Breaking Up With ETFs Is Hard To Do | Page 2 of 2 | ETF Trends

Take a look at these examples:

  • iShares MSCI Emerging Markets Index (EEM): It’s 33.6% off its high of Oct. 29, 2007. It has $20.3 billion in assets.
  • United States Natural Gas (UNG): It’s 46.5% off its high of July 1, 2008. It has $1.1 billion in assets.
  • iShares MSCI Brazil (EWZ): It’s 34.5% off its high of May 15, 2008. It has $7.2 billion in assets.

Why are so many investors allowing themselves to get slaughtered by holding on to poor performing ETFs? If you had a plan and stuck with it, you got out of these funds in time and protected yourself plenty on the downside. Our own strategy is to get out when a fund drops 8% off its high or drops below its 200-day moving average.

Once you’re out, that money can be considered a “free agent.” You don’t have to get back in to the area you’ve just left – look around. There are always areas that are moving. Or, if you’d rather, you can sit back and wait it out.
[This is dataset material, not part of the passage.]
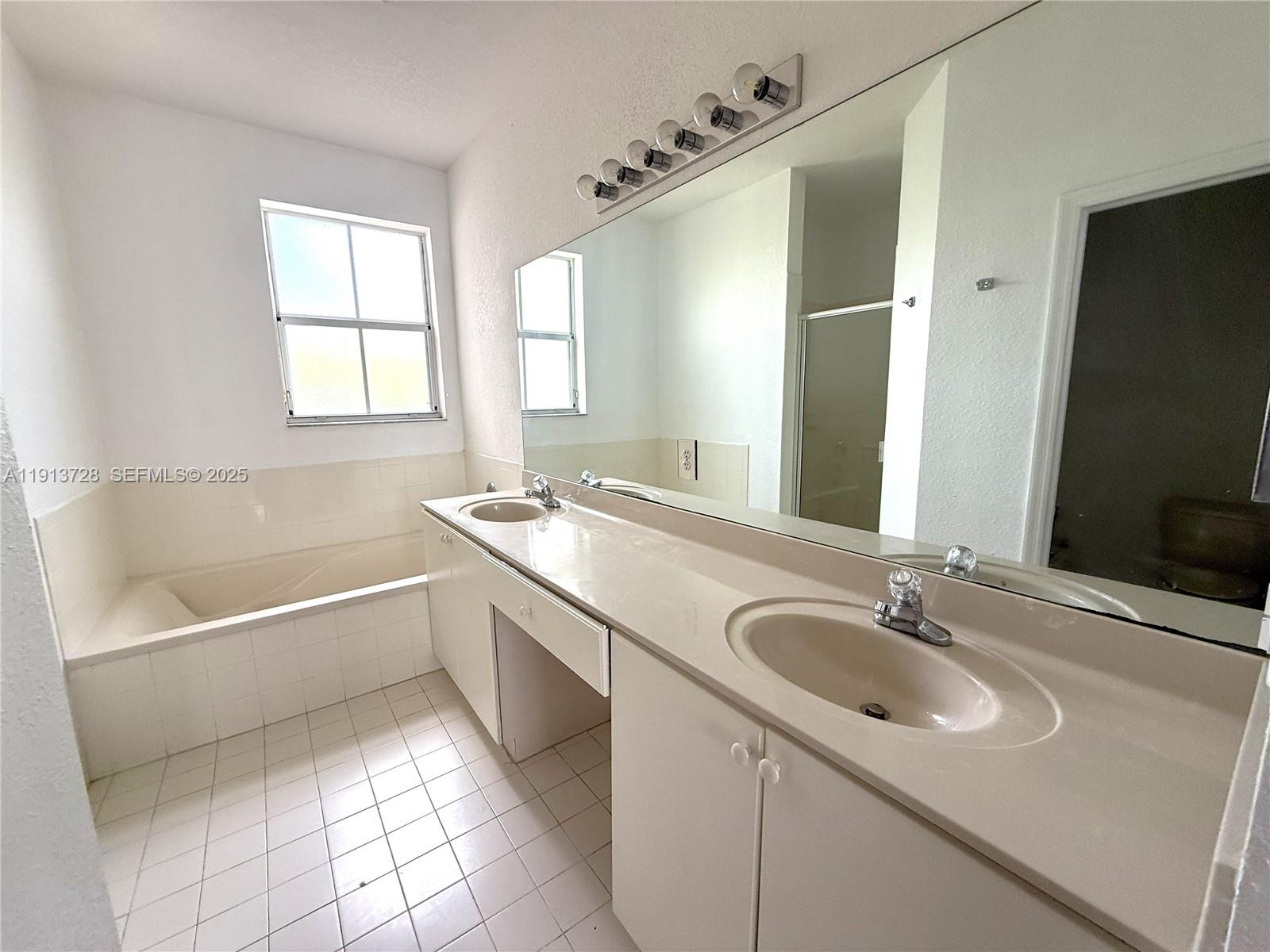 ISLANDS AT DORAL - Residential Lease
The best and easiest way to protect yourself is by setting stop losses. Just ask yourself what’s worse: getting in to a fund, riding it to 60% returns, then watching it lose 40% of that; or getting in, riding it to the same returns, and getting out when it drops 8%?

This is what we do for our clients, and it works. Setting stop losses is the best way to protect yourself on the downside. Having both an entry and exit plan is just as important as the decision one makes as to where to put his or her money.

We realize it’s easier said than done, but sticking to the plan is rewarding when you get into the habit.